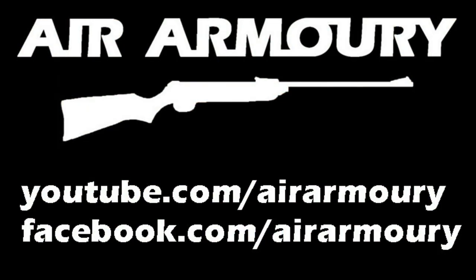Hope you've enjoyed the plinking video today, and if so be sure to subscribe to the Air Armoury channel. And until next time, keep your arms in the air. We'll see you next time.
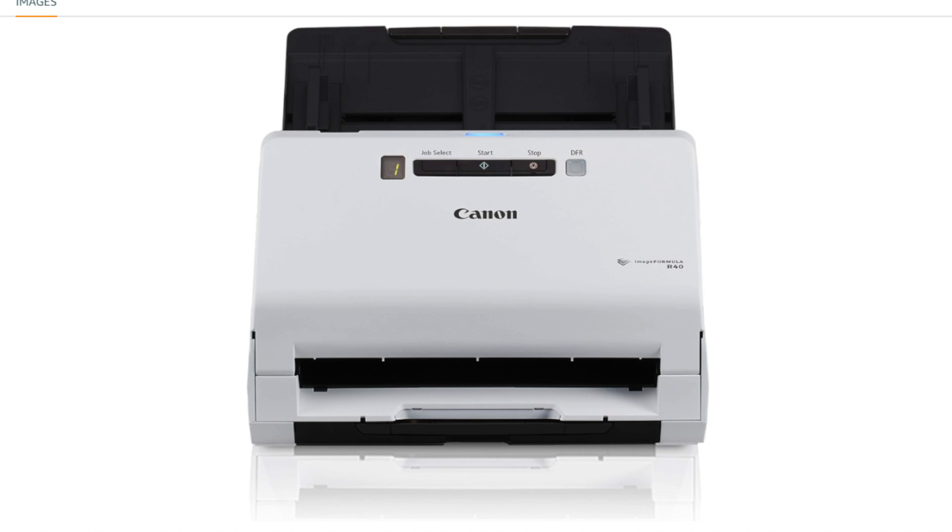OCR (Optical Character Recognition) Support: Optical Character Recognition is a common feature in Canon scanners, enabling the conversion of scanned text into editable and searchable content. Before purchasing, it's advisable to check the latest product specifications and reviews to ensure that the Canon imageFormula R40 meets your specific scanning requirements and is compatible with your computer system.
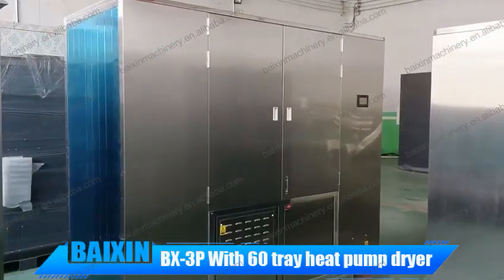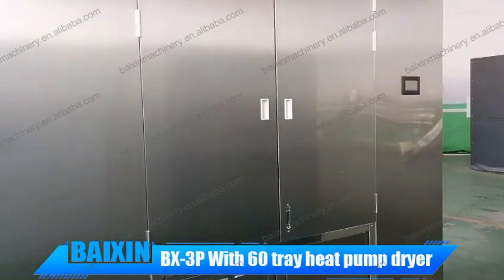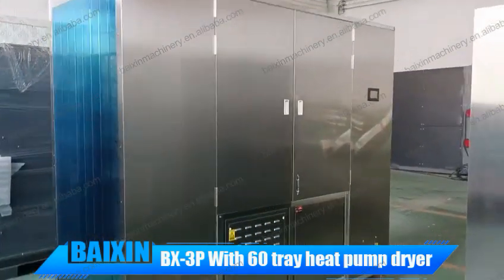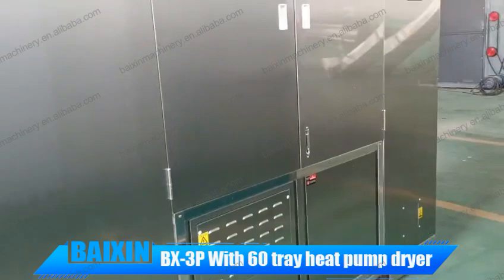Hello, this is our heat pump dryer machine made by Hennon Bikesin. This one is model BX3P. It includes 60 trays with input 180kg-300kg per batch, SS304 body, food grade PP, and can dry fruits and vegetables.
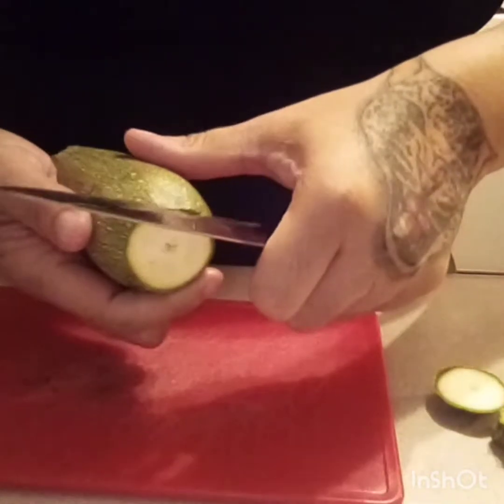Then basically you're just gonna dice it to whatever size you want. I like mine not so small. My meat is almost brown — I did add a little bit of seasoning salt just to give it a little flavor. I'm not gonna put any taco sauce in here because when you put it inside the quesadilla, the cheese makes it already salty, so you don't want your quesadilla too salty. Adding some oil to my pan.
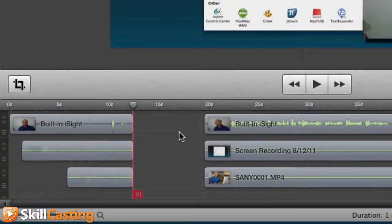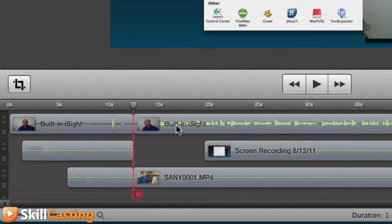Now here I have some gaps, and if I select my different gaps — I can do a command select — now I can hit delete, and the gaps automatically close. So as you start moving things around, when you have a lot going on in your project, this is a great way to split some of your tracks.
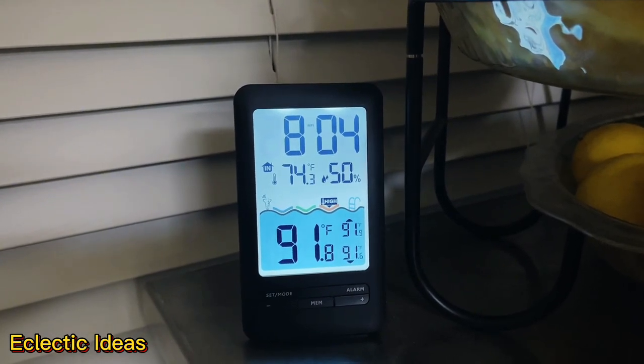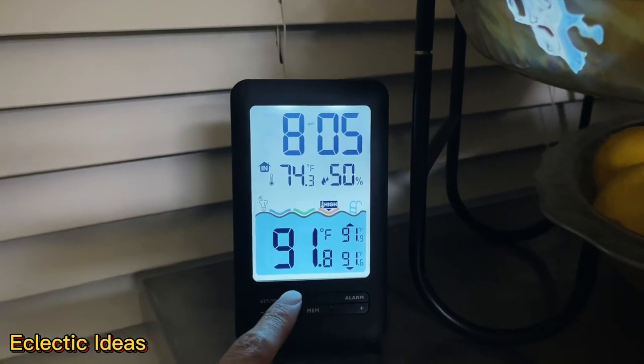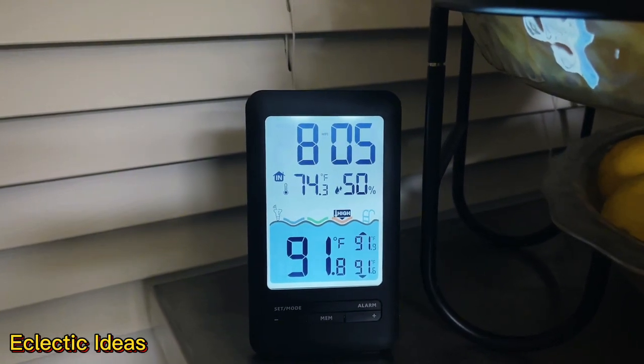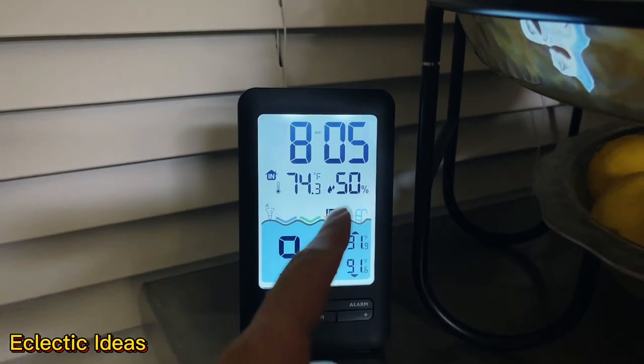At a glance I can realize that I need to go turn on the spa heater. We set our spa to 91 degrees and Hayaxa shows she's holding steady. Tonight's weather is a balmy 74 degrees with 50% humidity at 8:05 PM.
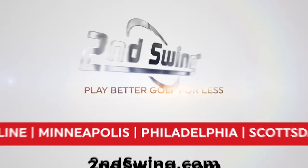It's stable, it's consistent, and it has that mid-launch, mid-spin trajectory you're looking for with a fairway wood. Brian, good stuff. We appreciate it. Thanks. Thank you for listening.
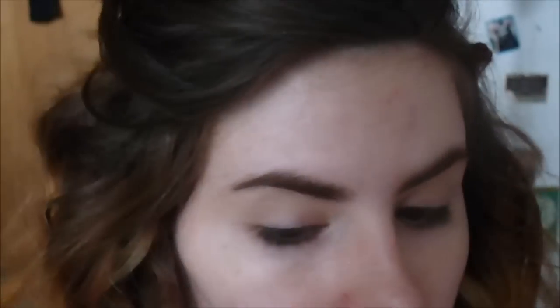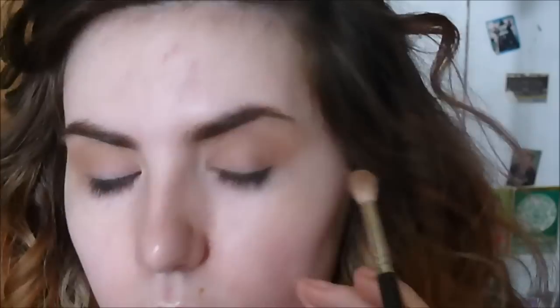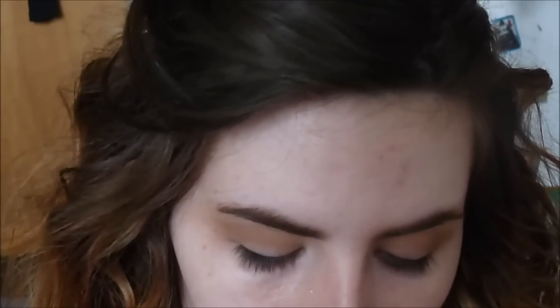Next, I'm gonna take a fluffy crease brush with Naked from Urban Decay. It's my favourite brush to use for this shadow. It's just gonna go into my socket and transitional area. Next, I'm gonna take a pencil brush and the Chocolate Chic eyeshadow from Maybelline, and this is going to go into my crease.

++++++

### ABOUT THIS TASK
Print out the whole listing word for word. Leave the pictures out.

### EXERCISE SOLUTION
Hope you've enjoyed the plinking video today, and if so be sure to subscribe to the Air Armoury channel. And until next time, keep your arms in the air. We'll see you next time.
OCR (Optical Character Recognition) Support: Optical Character Recognition is a common feature in Canon scanners, enabling the conversion of scanned text into editable and searchable content. Before purchasing, it's advisable to check the latest product specifications and reviews to ensure that the Canon imageFormula R40 meets your specific scanning requirements and is compatible with your computer system.
Hello, this is our heat pump dryer machine made by Hennon Bikesin. This one is model BX3P. It includes 60 trays with input 180kg-300kg per batch, SS304 body, food grade PP, and can dry fruits and vegetables.
Then basically you're just gonna dice it to whatever size you want. I like mine not so small. My meat is almost brown — I did add a little bit of seasoning salt just to give it a little flavor. I'm not gonna put any taco sauce in here because when you put it inside the quesadilla, the cheese makes it already salty, so you don't want your quesadilla too salty. Adding some oil to my pan.
Now here I have some gaps, and if I select my different gaps — I can do a command select — now I can hit delete, and the gaps automatically close. So as you start moving things around, when you have a lot going on in your project, this is a great way to split some of your tracks.
At a glance I can realize that I need to go turn on the spa heater. We set our spa to 91 degrees and Hayaxa shows she's holding steady. Tonight's weather is a balmy 74 degrees with 50% humidity at 8:05 PM.
It's stable, it's consistent, and it has that mid-launch, mid-spin trajectory you're looking for with a fairway wood. Brian, good stuff. We appreciate it. Thanks. Thank you for listening.
Next, I'm gonna take a fluffy crease brush with Naked from Urban Decay. It's my favourite brush to use for this shadow. It's just gonna go into my socket and transitional area. Next, I'm gonna take a pencil brush and the Chocolate Chic eyeshadow from Maybelline, and this is going to go into my crease.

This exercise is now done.